VIVIAN: Helas aquí brevemente. El Arte no se expresa más que a sí mismo. Tiene una vida
independiente, como el pensamiento, y se desarrolla puramente en un sentido que le es peculiar. No es
necesariamente realista en una época de realismo, ni espiritualista en una época de fe. Lejos de ser
creación de su tiempo, está generalmente en oposición directa con él, y la única historia que nos ofrece
es la de su propio progreso. A veces vuelve sobre sus pasos y resucita alguna forma antigua, como
sucedió en el movimiento arcaico del último arte griego y en el movimiento prerrafaelista
contemporáneo. Otras veces se adelanta en absoluto a su época y produce una obra que otro siglo
posterior comprenderá y apreciará. En ningún caso representa su época. Pasar del arte de una época a
la época misma es el gran error que cometen todos los historiadores. La segunda doctrina es ésta . Todo
arte malo proviene de una regresión a la Vida y a la Naturaleza y de haber querido elevarlas a la altura
de ideales. La Vida y la Naturaleza pueden ser utilizadas a veces como parte integrante de los materiales
artísticos: pero antes deben ser traducidas en convenciones artísticas. Cuando el arte deja de ser
imaginativo, fenece. El realismo como método, es un completo fracaso, y el artista debe evitar la
modernidad de forma y la modernidad del asunto. A quienes vivimos en el siglo diecinueve, cualquier
otro siglo, menos el nuestro, puede ofrecer un asunto artístico apropiado. Las cosas bellas son las que
nos conciernen. Citando gustoso, diré que precisamente porque Hécuba no tiene nada que ver con
nosotros, es por lo que sus dolores constituyen un motivo trágico adecuado. Además, lo moderno se
torna anticuado siempre. Zola se sienta para trazarnos un cuadro del Segundo Imperio. ¿A quién le
interesa hoy el Segundo Imperio? Está pasado de moda. La vida avanza más de prisa que el Realismo;
pero el Romanticismo precede siempre a la vida. La tercera doctrina es que la Vida imita al Arte mucho
más que el Arte imita a la Vida. Lo cual proviene no sólo del instinto imitativo de la Vida sino del hecho
de que el don consciente de la Vida es hallar su expresión, y el Arte le ofrece ciertas formas de belleza
para la realización de esa energía. Esta teoría, inédita hasta ahora, es extraordinariamente fecunda y
arroja una luz enteramente nueva sobre la historia del Arte.
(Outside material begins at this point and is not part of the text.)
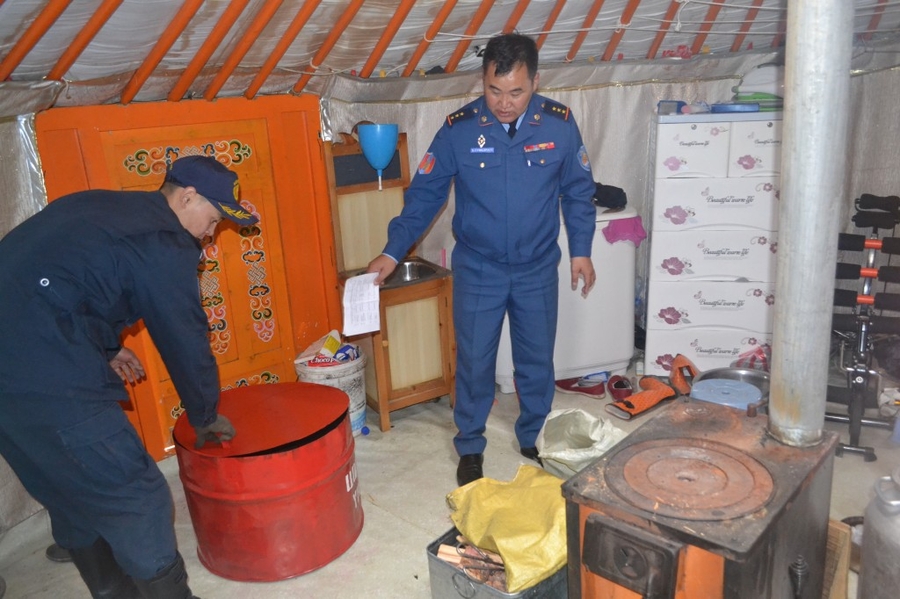 Зорилтот бүлгийн 25 айл үнс, нурам хийх зориулалтын савтай боллоо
De ello se deduce, como corolario, que la Naturaleza exterior imita también al Arte. Los únicos efectos
que puede mostrarnos son los que habíamos visto ya en poesía o en pintura. Este es el secreto del
encanto de la Naturaleza y asimismo la explicación de su debilidad.
La revelación final es que la Mentira, es decir, relato de bellas cosas falsas, es el fin mismo del Arte. Pero
creo haber hablado de esto lo suficiente. Salgamos ahora a la terraza, donde "el pavo real blanco
desfallece como un fantasma", mientras la estrella de la noche "baña de plata el cielo gris". Al caer la
tarde, la Naturaleza es de un efecto maravillosamente sugestivo y no carece de belleza, aunque quizá
sirva principalmente para ilustrar citas de poetas.
¡Venga usted! Ya hemos conversado bastante.